Progress is being made, as evidenced by the Safelight auto claims experience, where customers can initiate a claim on mobile, upload photos of their damaged car and have a payment processed to them that same day.

However, Edwards noted, those automated, digital front-end initiations get a lot more complex when insurance companies are addressing disaster situations like hurricanes. A claim that a car was rear-ended, or even that a basement was flooded from a pipe burst, can be supported by a photo. Proving, though, that one’s house or car was washed out to sea, or that mold from the moisture has made large portions of a home unsafe to occupy, are much harder to do with an uploaded photo.

“The universal standard — what I think the industry is building toward within the next few years — is that when a customer has a problem, they can digitally access their insurer and tell them about it, and govern the entire process on digital through getting their money,” Edwards said. “But it’s going to take some building.”

He also told Webster that it won’t just be building the front-end touchpoints for customers to make and verify claims. There’s a lot of friction on the back-end in actually pushing those funds into accounts, particularly when they are large.

Fighting The Hidden Friction

When a customer’s basement floods and they need an $8,000 payment pushed to them, Edwards told Webster, the payment rails are pretty well-suited to get those funds into the receiver’s bank account. However, make that a $25,000, $50,000 or even $250,000 claim, and things get a lot more complicated for all parties involved.

The limits as allowed by the card networks have gone up a lot, he noted, but just because networks allow a $50,000 push payment to ride over their rails, that doesn’t mean those payments reliably end up in the bank accounts of policyholders. A $5,000 payment will be accepted 99.4 percent of the time, but a $50,000 payment will bounce back about half the time. That’s because bank systems are set up to detect and stop payments that seem, on the surface, suspicious.

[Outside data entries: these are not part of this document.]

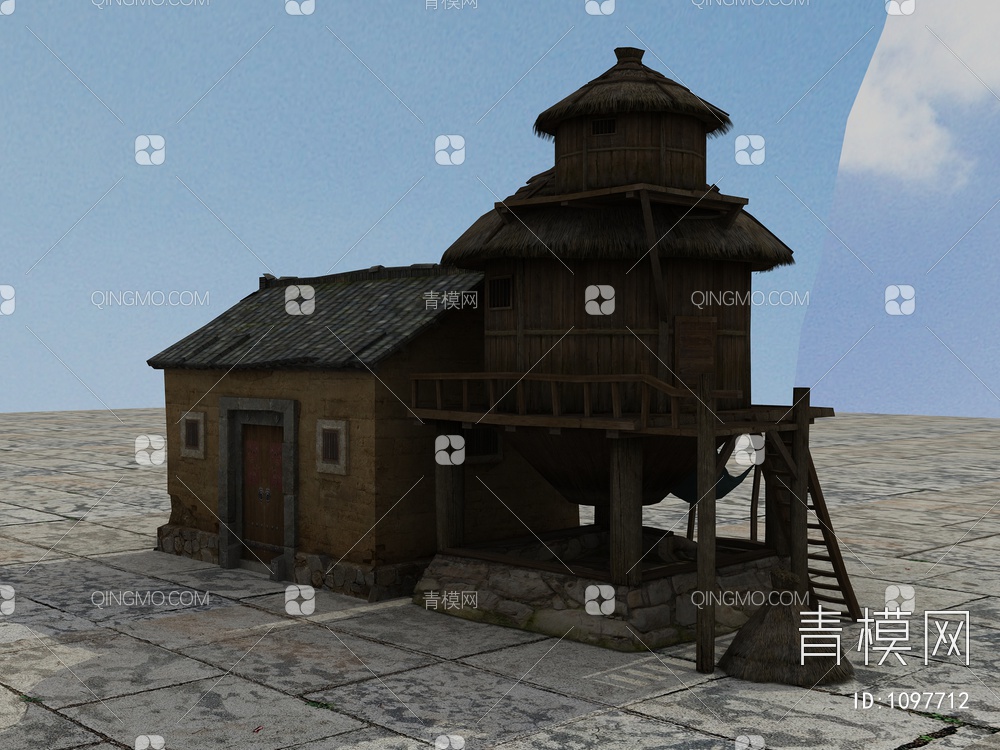 老房子、木房子、瓦房、土房、3D模型下载【ID:1097712】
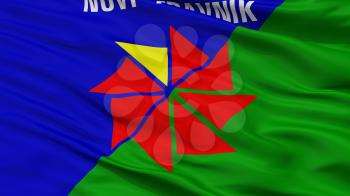 Novi Travnik City Flag, Country Bosnia Herzegovina, Closeup View, 3D Rendering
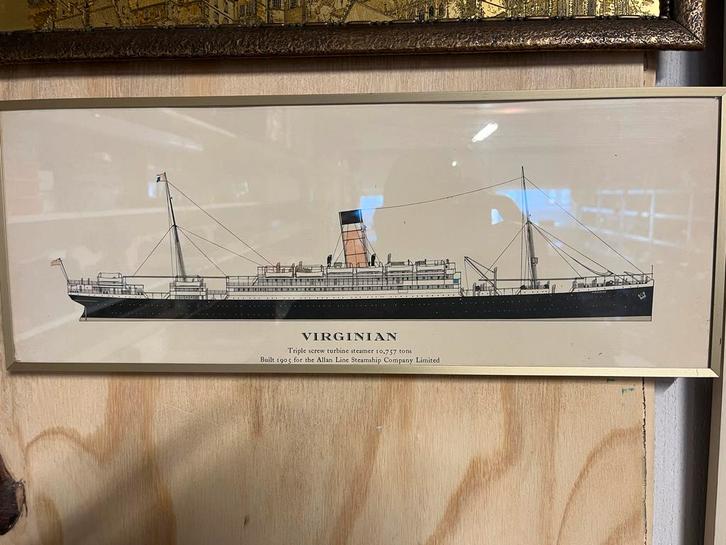Het stoomschip de Virginian!, Verzamelen, Scheepvaart, Kaart, Foto of Prent, Ophalen of Verzenden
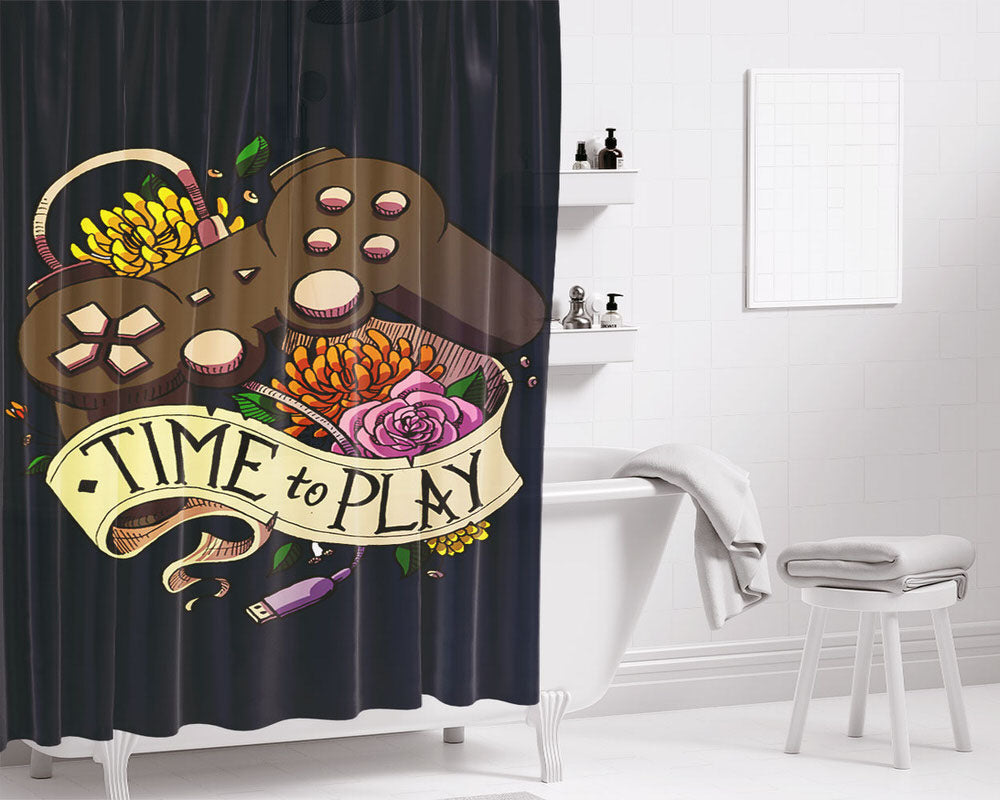 Time To Play Bathroom Shower Curtain Fabric Waterproof | 66 X 72 Inch
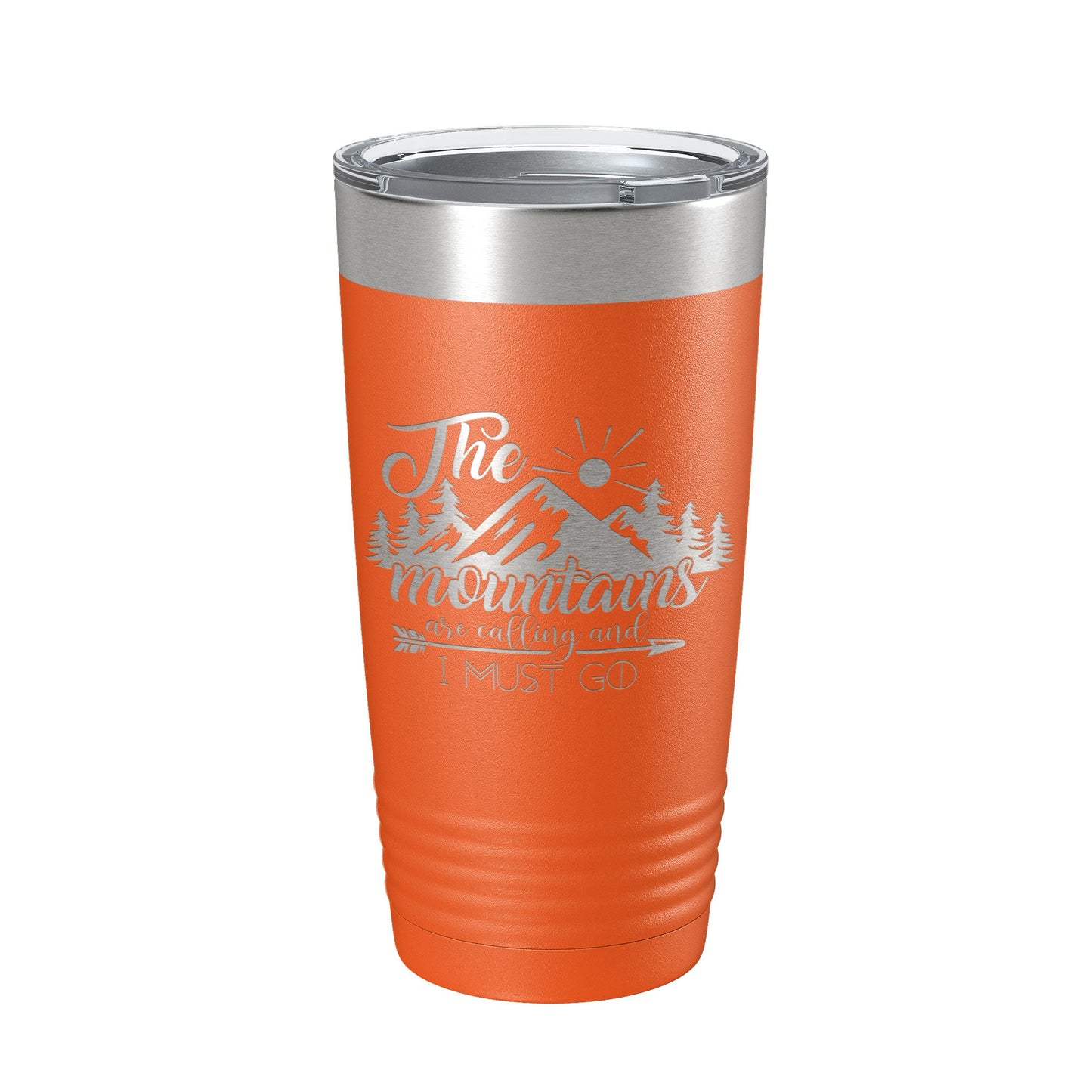 Mountains Are Calling And I Must Go Tumbler Outdoors Travel Mug Insulated Laser Engraved Coffee Cup Camping Hiking Gift 20 oz-17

For an Uber driver whose weekly deposit is about $1,200, a sudden request for a $30,000 deposit into their account will be stopped, even though the payment is a legitimate claims payment for a car that was totaled in the floods brought about by a hurricane. Edwards said this is the expected friction that comes from taking a payment network that was built to take money from consumers and running it in reverse to put funds back into the consumer’s bank account.

“It’s getting better, but it’s going to happen from the bottom up from small claims,” Edwards told Webster. “We can reliably push payments under $10,000 into a consumer’s bank account, but funds to replace a whole house or even a whole car are more complicated, more friction-filled.”

It will change, particularly as banks are learning to look at insurance Merchant Category Codes (MCCs) and realize that larger-than-average transactions are a norm, not a bug. It’s not going to be an easy changeover — as there are a lot of banks and insurance companies in the U.S. — and there are a lot of experiences that need to be redesigned by players with heavy legacy systems to supplant with better digital systems.

However, he noted, the wheels are and have been turning for over a year, and the progress is moving forward.

“It’s not going to be fast,” he said, “but I think you are going to see it moving undeniably forward in the next year [or] two.”